Engineers at Caltech say that their approach -- computing their way past optical limitations -- could bring high-performance microscopes to medical clinics in developing countries.

Elizabeth Armstrong Moore
Elizabeth Armstrong Moore is based in Portland, Oregon, and has written for Wired, The Christian Science Monitor, and public radio. Her semi-obscure hobbies include climbing, billiards, board games that take up a lot of space, and piano.
Elizabeth Armstrong Moore
3 min read
Engineers say the final images produced by the new system contain 100 times more information than those produced by conventional microscope platforms. Yan Liang and Guoan Zheng

Ah, physics. The cold, hard reality of how things work so often gets in the way of how we would prefer them to work.

But when it comes to the field of microscopy, which has been held back by the physical limitations of optical lenses, a group of engineers at Caltech say they've been able to use a computational approach to bypass these limitations -- and that the final images produced using their new system contain 100 times more information. What's more, the system costs just $200 to implement with a conventional microscope.

In a nutshell, the limitations of optical lenses have forced researchers to pick and choose between a system that gives them high resolution over a small field of view or low resolution over a wider field of view. See a little bit clearly or a lot coarsely.

"We found a way to actually have the best of both worlds," Guoan Zheng, lead author of the new paper in Nature Photonics, said in a school news release. "The optical performance of the objective lens is rendered almost irrelevant, as we can improve the resolution and correct for aberrations computationally."

Take that, physics!

Ultimately, the researchers were able to improve the resolution of a conventional 2X objective lens to the level of a 20X -- so they combined the larger field-of-view advantage of the 2X lens with the resolution of the 20X lens -- for just $200. They achieved this by taking 150 low-res images of a sample, corresponding each image to an LED element in an LED array, and then using a novel computational approach called Fourier ptychographic microscopy, stitching together the low-res images to form high-res intensity, resulting in a far more complete picture of what is available across the entire light field of the sample.
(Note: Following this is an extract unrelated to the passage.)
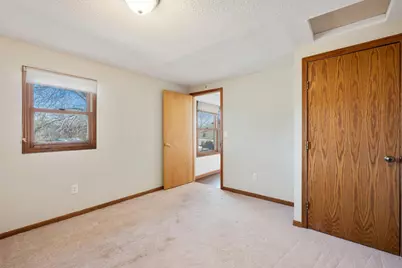 8586 Jason Avenue NE, Monticello, MN 55362 - Photo 19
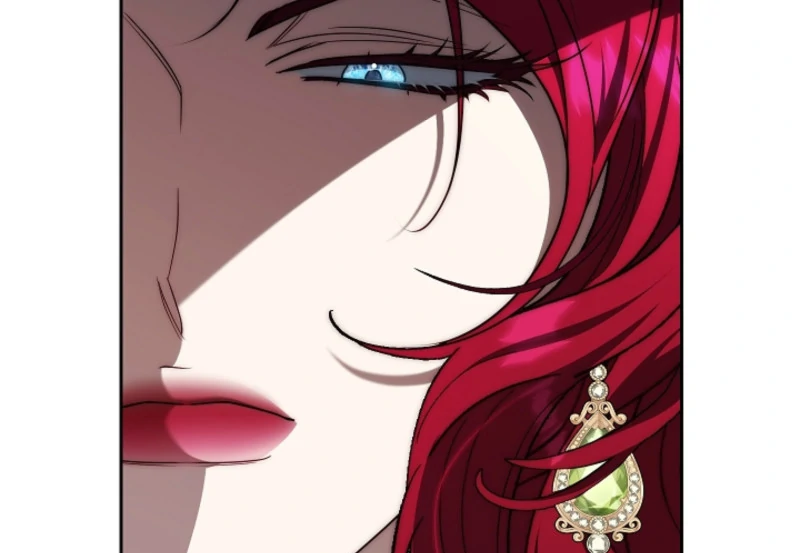 ch 12 13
Changhuei Yang, professor of electrical engineering, bioengineering and medical engineering at Caltech, says that we can only sense variations in intensity when looking at light from an object, but that light actually varies not only in intensity but in its phase -- and that phase is related to the angle at which light travels. By teasing out both the intensity and the phase of the light field across low-res images, they are able to "correct for optical aberration issues that otherwise confound your ability to resolve objects well."
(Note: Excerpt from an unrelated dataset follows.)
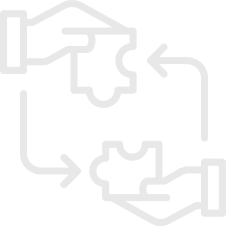 Xamarin integration services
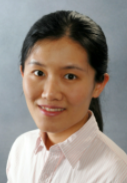 Bing Zhu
Because the approach does not require scanning various parts of an image -- an entire sample can be imaged all at once via these 150 separate points -- and because the system gathers all the data about the light field, it is not only a faster approach, but it could actually correct errors computationally, such as blurriness, so that clinicians do not need to rescan an image for digital pathology applications.

"One big advantage of this new approach is the hardware compatibility," Zheng added. "You only need to add an LED array to an existing microscope. No other hardware modification is needed. The rest of the job is done by the computer."

The researchers figure their system could have many applications in anything from digital pathology to forensic photography, and that it could even extend to other imaging techniques, such as X-ray and electron microscopy.